In terms of ships registered India ranks 15th with 1674 ships, which accounts for a share of only 0.93 per cent of the world shipping in terms of dwt. By value, India ranks further low at 25th position. The Shipping Corporation of India (SCI) ranks 44th amongst shipping companies with a market share of just 0.1 per cent and five ships (2017). The number of ships with the SCI has been declining from 2015 at the rate of one per year. In comparison, Maersk has 621 ships. When these figures are compared with the growth of India’s EXIM trade (6.7 per cent export and 7.3 per cent import) the number of ships owned, registered or being built by India are declining. Shipping provides immense commercial and employment potentials in multitude areas of building, owning, flagging and trade and needs to be tapped by India for both economic and strategic reasons. For strategic and financial reasons, it would be prudent to invest in shipbuilding, ship ownership and ship repair; in addition to enhancing ease of doing business in this sector.

China is already the largest shipbuilder in the world and 24 per cent of her maritime trade is shipped to the hinterland through inland waterways. In other words, China has already realised most of the elements of maritime power and is now on its way to create a strong navy to protect her maritime interests. India, on the other hand, is a naval power of sorts but lags behind in all other disciplines of maritime enterprise. Thus, in the long run, China’s naval power would be sustainable and that of India would become unviable. An analogy of this can be seen in Mahan’s comparison of the French and British Navies during the reign of Louise XIV in the 17th century.

A diplomat and a historian, KM Panikkar had once exhorted that a naval power however well-organised cannot count for much unless it is supplemented by a great national mercantile marine. He had lamented that complete lack of attention to sea by authorities in Shimla and Delhi in the 19th century had led to the monopoly of merchantable marine by foreign interests. Alfred Thayer Mahan too has made similar arguments about the import of mercantile marine in his seminal work The Influence of Sea Power upon History. He had famously written that the profound influence of sea commerce upon wealth and strength of countries was clearly seen before the true principles which governed its growth and prosperity were detected.

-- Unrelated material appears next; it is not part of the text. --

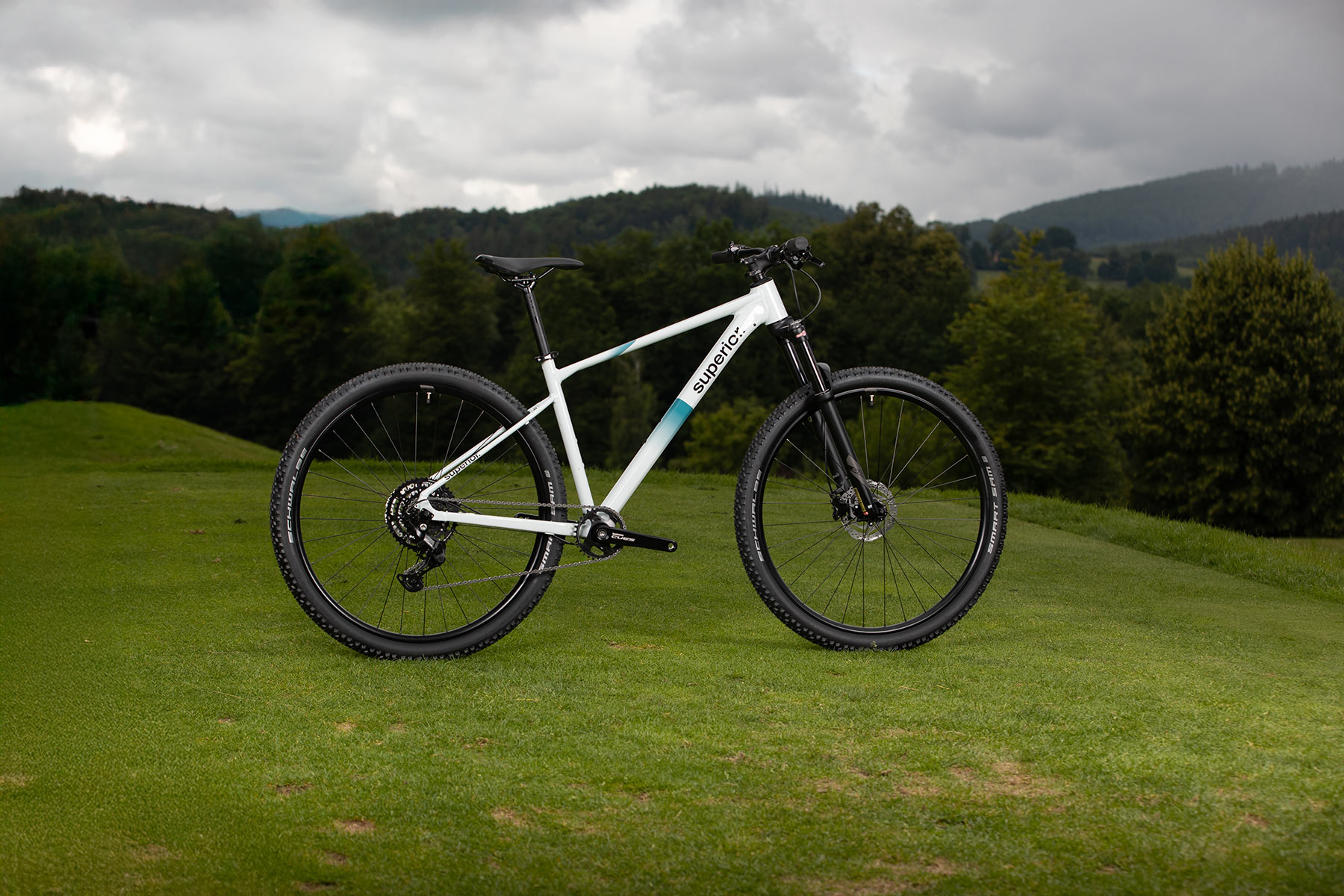 Superior XC Alu 2026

In a short span of just over four years, significant strides have been made by the present government to shake-off the old vestiges of sea blindness. India’s maritime rise has started to take roots in all its manifestations such as the ports, inland waterways, fisheries, shipping, tourism, naval power and related services. Prime Minister, Narendra Modi has exemplified the Blue Chakra in India`s national flag, as a metaphor for ‘Blue Revolution’, emphasising the centrality of maritime economy in the government’s policies. The maritime resurgence of India is steadily becoming palpable through an array of policies unveiled by this Government under the overarching rubrics of Sagamala, Neel Kranti and SAGAR.

The maritime transport sector comprising mega enterprises like ports, shipping and shipbuilding can play a major role not only in creating mass jobs but also in enhancing the technical thresholds of the labour force. Government initiatives are already underway on additional avenues that need to be explored for transforming India’s economy through maritime transport. This sector can become the bellwether for the manufacturing industry in the country and diffuse the present stress in the job market. It has the potential to create a domino effect in the society by subsuming all levels of unskilled, semi-skilled and highly skilled workforce.

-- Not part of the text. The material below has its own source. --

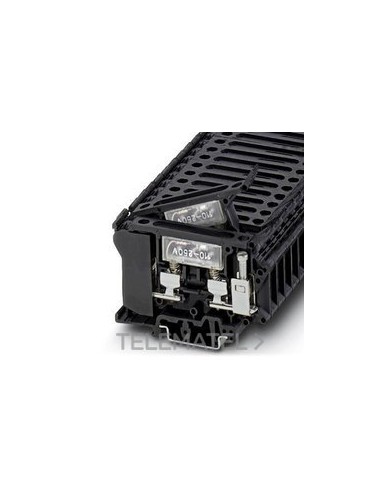 BORNE CRL.P/FUS.UK 6,3 HESILA 250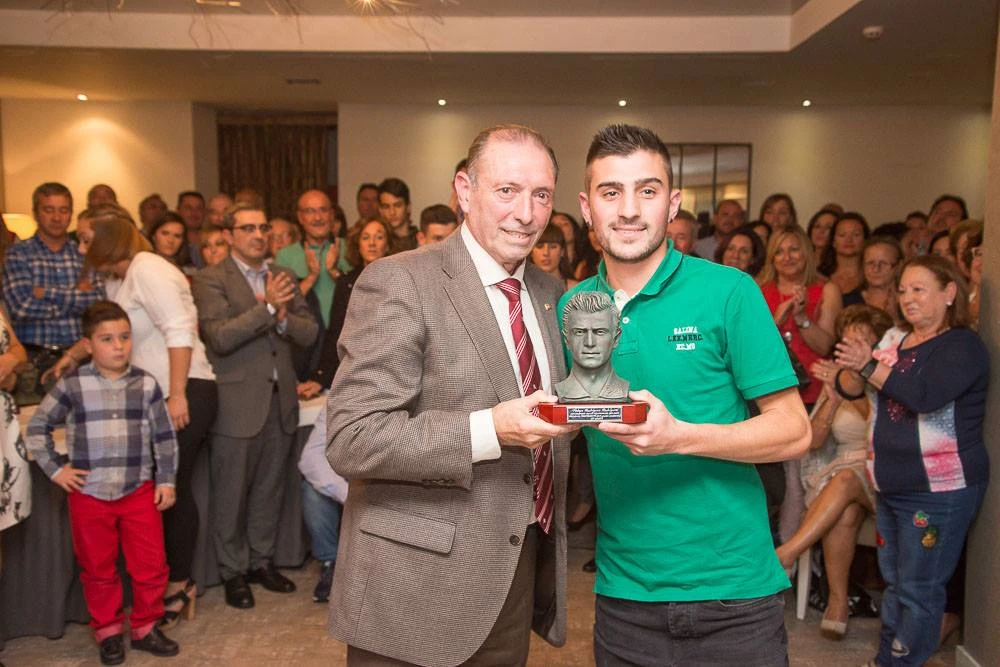 Trofeos Quini 2017 - Imagen 103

Indian ship-owners and shipbuilders have stemmed the tides of domestic constrictions and international competition for decades and have created their own niche in the international market. But this has been possible by the dint of their personal courage and determination. For India to become a maritime power, small and medium industries also have to be able to build and own ships. The seminar pondered on the roadblocks in realising India’s full potential and policy guidance to the government in the form of a book.

Conduct of the Seminar

The opening address was delivered by the Director VIF, and the moderator of the Seminar was Vice Admiral Anup Singh (Retd). The topics presented by the participants were:-

  1. Government policy, industry trends and practices and policies adopted by other countries: Amb DP Srivastava, Distinguished Fellow, Vivekanand International Foundation.
  2. Growth in shipbuilding from a larger national perspective: Rear Adm. GK Harish, VSM, Director-General, Naval Design.
  3. Small and medium private sector shipyards: Shri Ashok Chowgule, Head, Chowgule Industries.
  4. Shipping, Ship-ownership and Shipbuilding in India (TBC): Shri Anil Devli, CEO, Indian National Ship-owners Association.
  5. Energising India's Shipbuilding Industry - Contours of a Strategy: Commodore Sujeet Samaddar (Retd.), Advisor (Aerospace and Defence) at FICCI.
  6. On shoring global shipping: concept, challenges and way forward: Shri Amit Oza, Astamar Shipping.
  7. International Political Economy of Shipping Industry: Commodore Somen Banerjee, Senior Fellow, Vivekanand International Foundation
Policy Guidelines

The discussants were of the view that that there is a need for a comprehensive Shipping development policy. The major highlights of the policy guidelines were:-

  • Growth of Indian flag fleet from the 18th in the world to 12th in the World by 2030.
  • Reduce India’s freight bill to foreign shipping companies of approximately USD 52 Billion by doubling the market share of Indian ships in India’s EXIM trade.
  • Cause at least modal shift of at least 20 per cent domestic cargo from road to coastal trade and inland waterways (for companies near the coast) by 2022.
The Strategy

In order to implement the above policy the following strategy was recommended:-

Target Action needed
Doubling of India’s EXIM trade share on Indian flagged vessels Continue to promote imports on Free on Board basis and exports on Cost Insurance and Freight basis. This will ensure transportation remains in India’s control.
Continue to support Right of First Refusal for Indian ships since it is proved by data that the presence of Indian fleet reduces freights without any corresponding cost to the charterer since Indian ships only match the rate – no price preference.
Link access to India’s EXIM cargo to ships flagged in India by providing preference to Indian flagged vessels.Create a Maritime Financing Development institution which will provide long tenure and cheaper debt in Rupee and Foreign exchange for acquisition of second hand ships and building of new vessels. EXIM Bank has already proposed a model for this fund.
Increase movement of domestic cargo by coastal shipping and inland waterways Ensure equal application of all taxation laws relating to Direct Tax, Indirect tax and IGST on Indian ships and foreign ships. Currently operating costs of an Indian ship in India is at least 25% more than the operating cost of a foreign ship on the Indian coast.
Either tax salaries earned by seafarers on foreign ships operating in India or exempt salaries earned by Indian seafarers on Indian ships operating in India.
Ensure that pre-tax price of Bunker fuel in India is same as prices internationally since foreign ships buy bunkers outside India at cheaper cost
Create a Maritime Financing Development institution that will provide long tenure and cheaper debt in Rupee and Foreign exchange for acquisition of secondhand ships and building of new vessels. EXIM Bank has already proposed a model for this fund.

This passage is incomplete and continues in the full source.